§ Your task: Restate every entry verbatim; drop the pictures.

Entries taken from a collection
▬▬▬▬▬▬▬▬▬▬
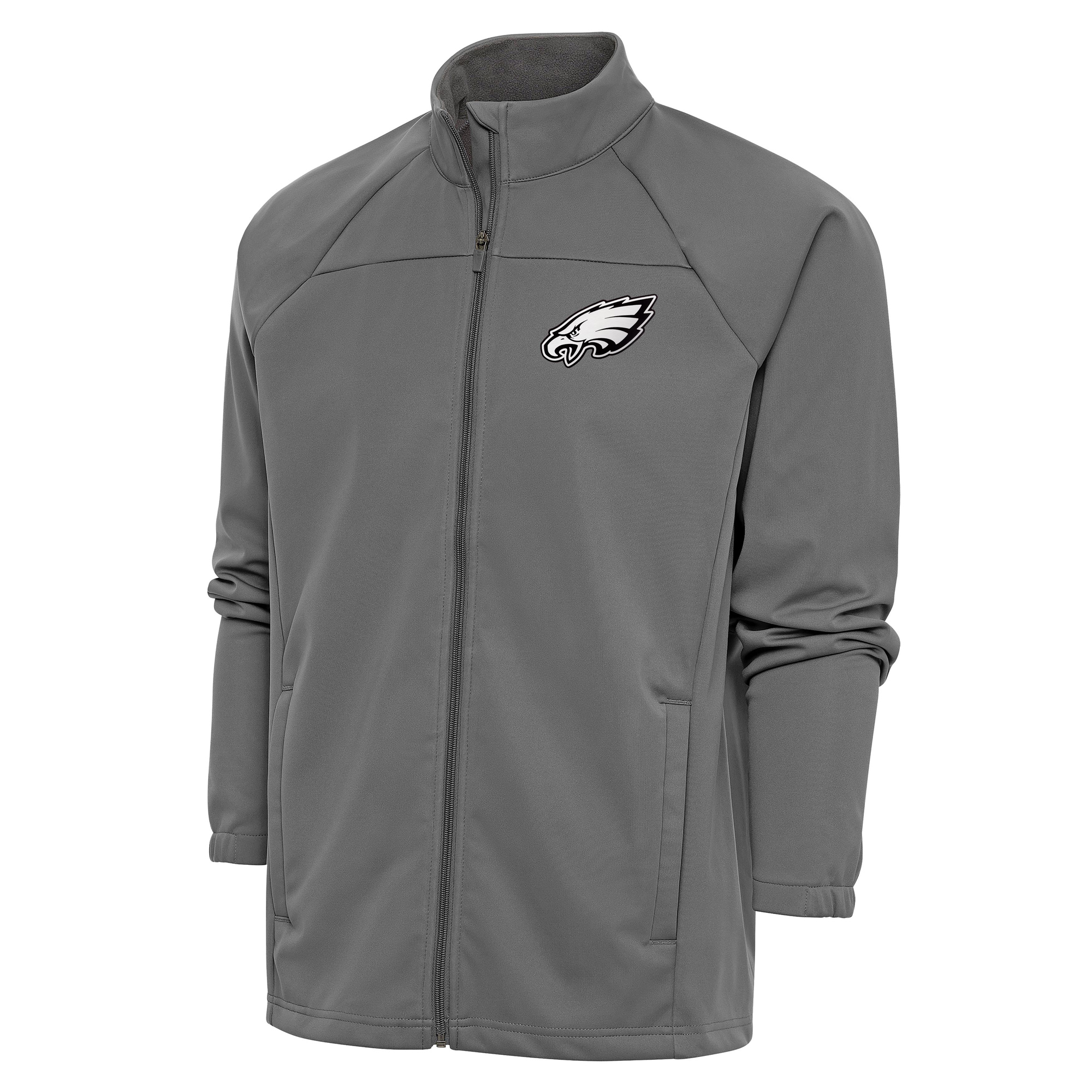 Men's Antigua Steel Philadelphia Eagles Metallic Logo Links Full-Zip Golf Jacket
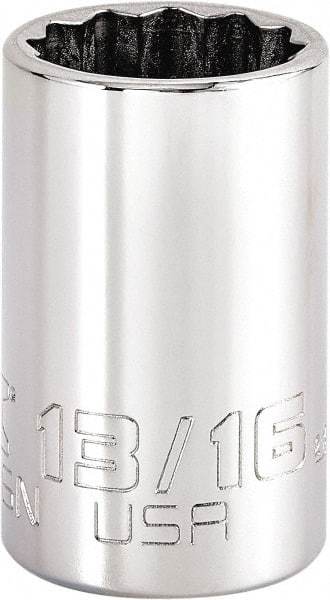 Proto - 13/16", 3/8" Drive, Intermediate Hand Socket - 12 Points, 1-47/64" OAL, Steel, Full Polish Finish - Exact Tool & Supply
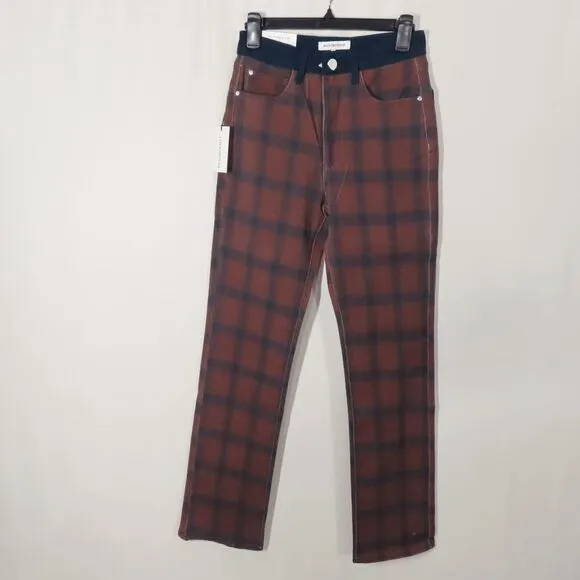WeWoreWhat Modern Plaid Stretch Twill Brown &amp; Navy Color Block Icon Jean 26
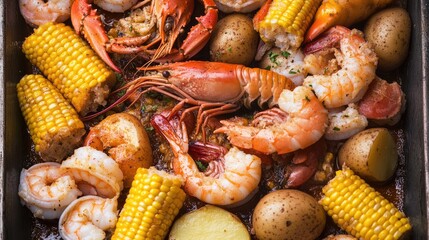 Close-up of a seafood boil with crawfish, shrimp, corn, and potatoes in a tray. Freshly cooked ingredients with vibrant colors and textures, ready to be served. Generative AI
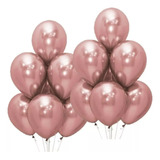 50 Globos Latex Cromado Chrome 10 Pulgadas Fiesta Decoración Color Rosa Gold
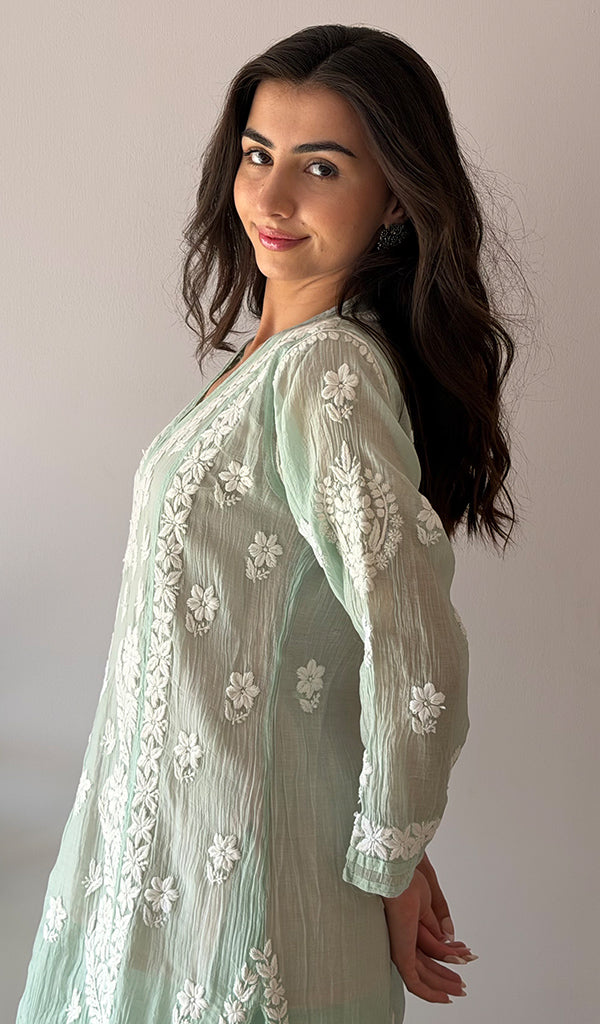 Women's Lucknowi Handcrafted Mul Chanderi Stitched Chikankari Kurta And Plazzo Set- HONC0378796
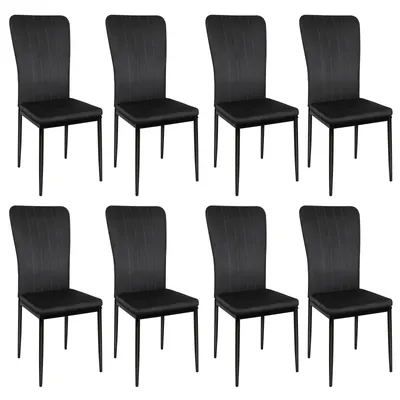 Produktbild von 8er Set Esszimmerstühle Küchenstuhl Hochlehner Polsterstuhl Sitzfläche aus Samt - Schwarz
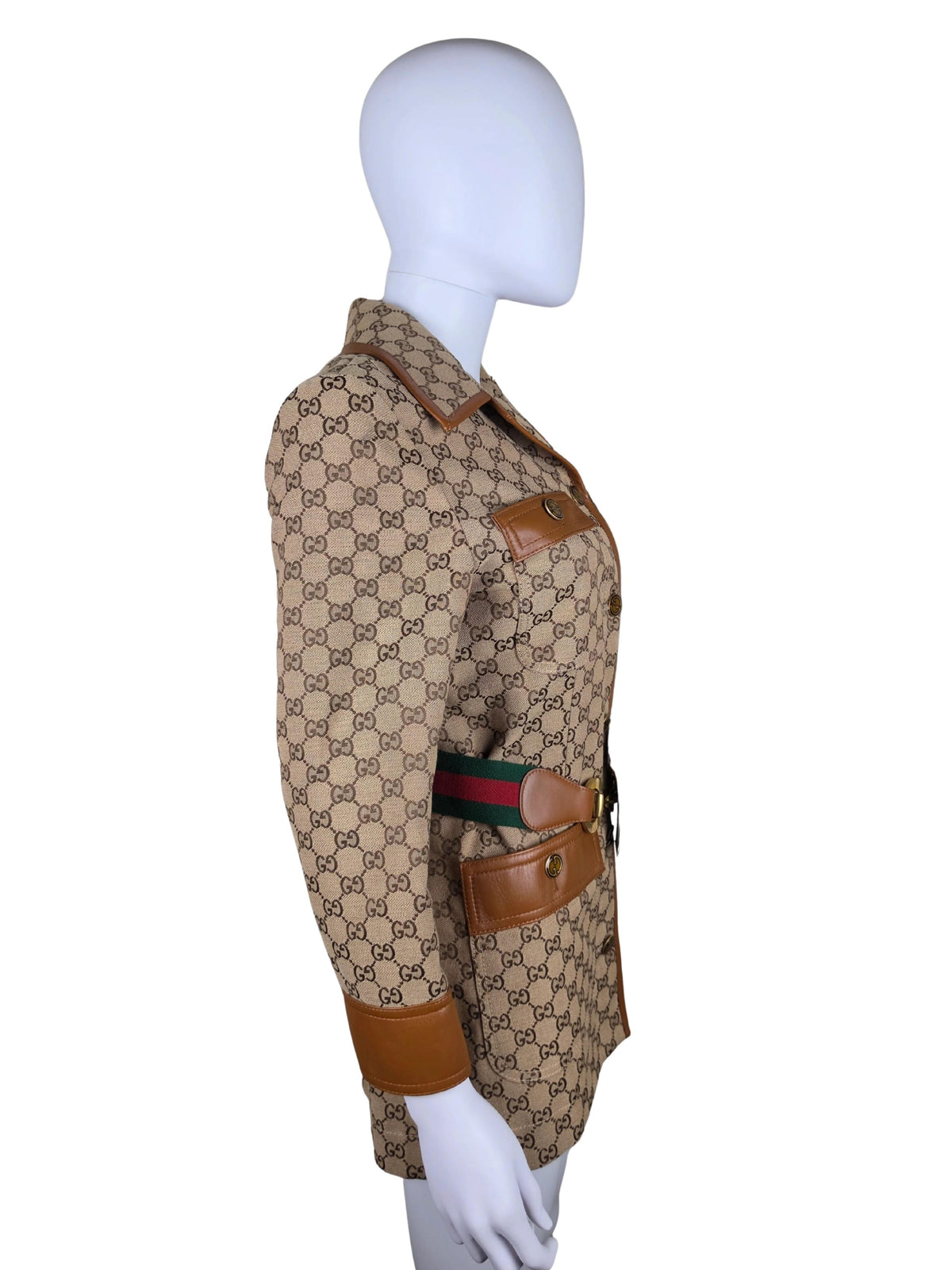 Gucci Blazer Safari in Tela GG Canvas con Dettagli in Pelle e Cintura Web Marrone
▬▬▬▬▬▬▬▬▬▬
§ Solution to this task:
 Men's Antigua Steel Philadelphia Eagles Metallic Logo Links Full-Zip Golf Jacket
 Proto - 13/16", 3/8" Drive, Intermediate Hand Socket - 12 Points, 1-47/64" OAL, Steel, Full Polish Finish - Exact Tool & Supply
WeWoreWhat Modern Plaid Stretch Twill Brown &amp; Navy Color Block Icon Jean 26
 Close-up of a seafood boil with crawfish, shrimp, corn, and potatoes in a tray. Freshly cooked ingredients with vibrant colors and textures, ready to be served. Generative AI
 50 Globos Latex Cromado Chrome 10 Pulgadas Fiesta Decoración Color Rosa Gold
 Women's Lucknowi Handcrafted Mul Chanderi Stitched Chikankari Kurta And Plazzo Set- HONC0378796
 Produktbild von 8er Set Esszimmerstühle Küchenstuhl Hochlehner Polsterstuhl Sitzfläche aus Samt - Schwarz
 Gucci Blazer Safari in Tela GG Canvas con Dettagli in Pelle e Cintura Web Marrone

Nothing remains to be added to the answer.